This article was sourced from Lexology. Article by Corrs Chambers Westgarth.

This week’s TGIF considers Fordyce v Ryan & Anor; Fordyce v Quinn & Anor [2016] QSC 307, where the Court considered whether a beneficiary’s interest in a discretionary trust amounted to ‘property’ for the purposes of the Bankruptcy Act 1966 (Cth).

BACKGROUND

The case centred around the Fairdinks Discretionary Trust – which held two thirds of the units of the 99 George Street Unit Trust and all the units of the Shore Street Unit Trust. The Bankrupt was the sole director and shareholder of the trustee company of the Fairdinks Discretionary trust and the trustee companies of the unit trusts.

Prior to his bankruptcy, the Bankrupt had caused the trustee company of the Fairdinks Discretionary Trust to distribute the income of the trust to him alone in his capacity as a beneficiary of the trust.

The trustee in bankruptcy (the Applicant) sought to recover the Bankrupt’s interest in the trusts by applying to the Court to appoint receivers to have the trusts wound up.

THE APPLICANT’S SUBMISSIONS

The Applicant submitted that the Bankrupt’s interest as a beneficiary of the Fairdinks Discretionary Trust amounted to “property” vested in the Applicant for the purposes of the Bankruptcy Act 1966 (Cth) (Bankruptcy Act).

The Applicant relied on the decision of the Federal Court in Australian Securities and Investments Commission v Carey (No 6) (2006) 153 FCR 509 (Richstar) to argue that the Bankrupt’s interest amounted to property because he essentially controlled the trustee of the Fairdinks Discretionary Trust.

THE COURT’S DECISION

Does a bankrupt’s interest in a discretionary trust amount to property vested in the trustee in bankruptcy?

Justice Jackson considered the wording of the Fairdinks Discretionary Trust Deed and found it was a purely discretionary trust.

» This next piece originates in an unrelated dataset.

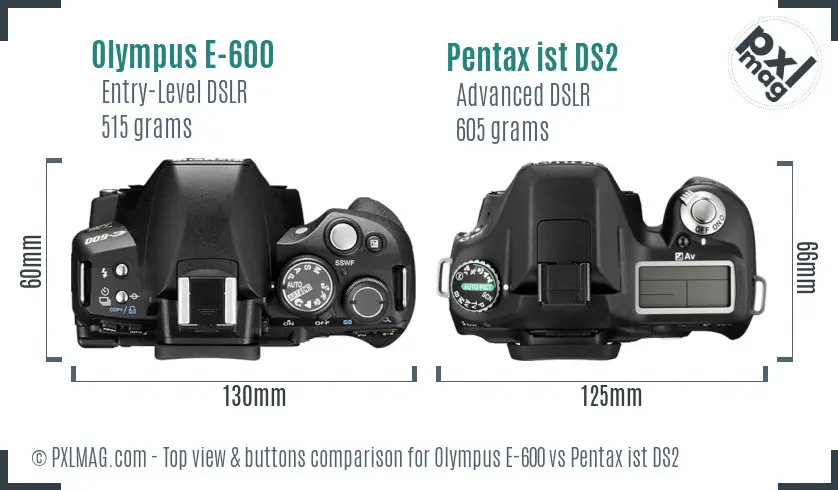 Olympus E-600 vs Pentax ist DS2 top view buttons comparison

His Honour then considered s 5 of the Bankruptcy Act, which provides a broad definition of “property” (including “any estate, interest or profit, present or future, vested or contingent, arising out of or incident to any such real or personal property”), and s 58, which provides that property of a bankrupt, other than after-acquired property, vests in the trustee in bankruptcy of the bankrupt.

His Honour noted that under usual analysis, a beneficiary of a purely discretionary trust does not have a property interest in the trust.

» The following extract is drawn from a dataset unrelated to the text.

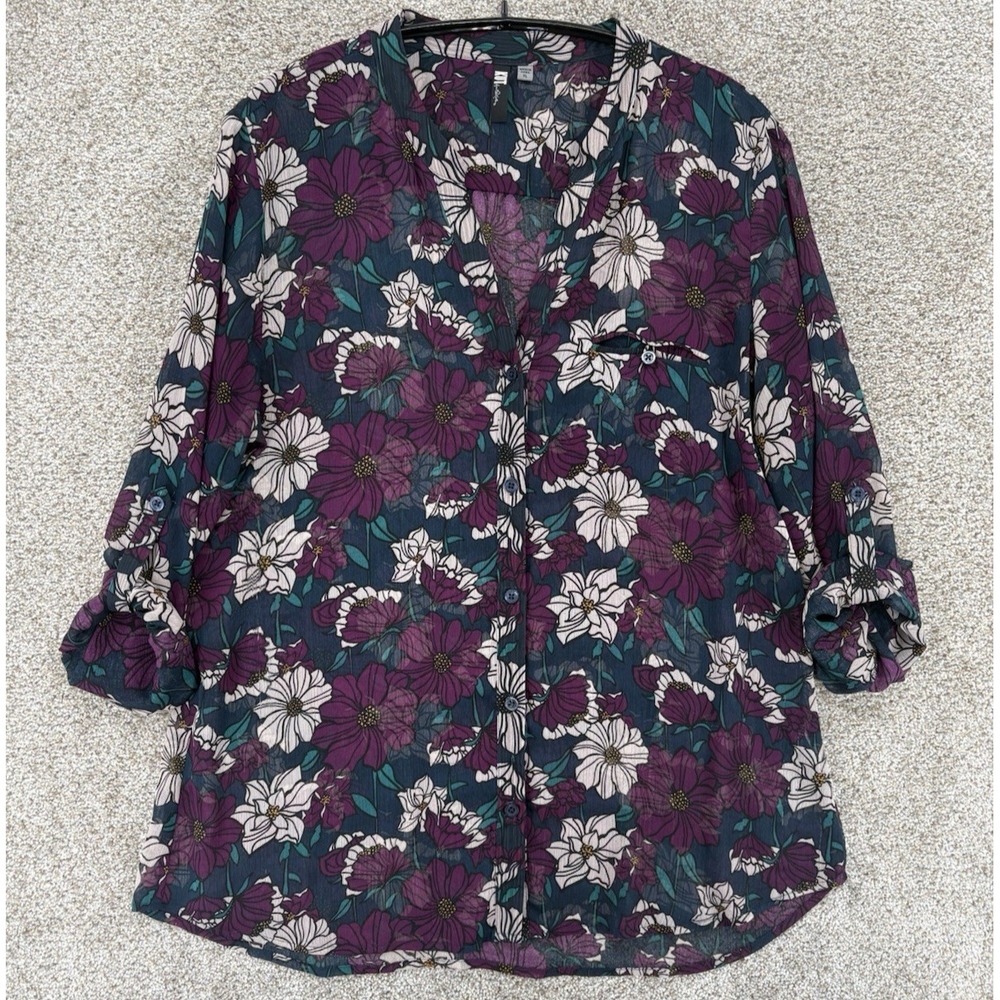 Kut From The Kloth Sheer Top Womens XL Purple Floral Button Roll Tab Office Boho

Therefore, the Bankrupt’s interest as a beneficiary under the Fairdinks Discretionary Trust would not be property vested in the Applicant.

What is the effect of a beneficiary’s control of a discretionary trust?

The Applicant argued that an exception to the usual analysis is where the beneficiary effectively controls the discretionary trust.

In Richstar, Justice French compared the interests of a beneficiary of a discretionary trust who is at arm’s length from the trustee, with those of a beneficiary who is “in truth the alter ego of the trustee”. Where the former only has an “expectancy or mere possibility of a distribution”, the latter has, “at the very least a contingent interest” as “it is as good as certain that the beneficiary will receive the benefits of distribution” from the trust.

However, Justice Jackson noted that “to the extent that Richstar might be thought to support a principle, it has not been followed or applied subsequently and it has been criticised academically”.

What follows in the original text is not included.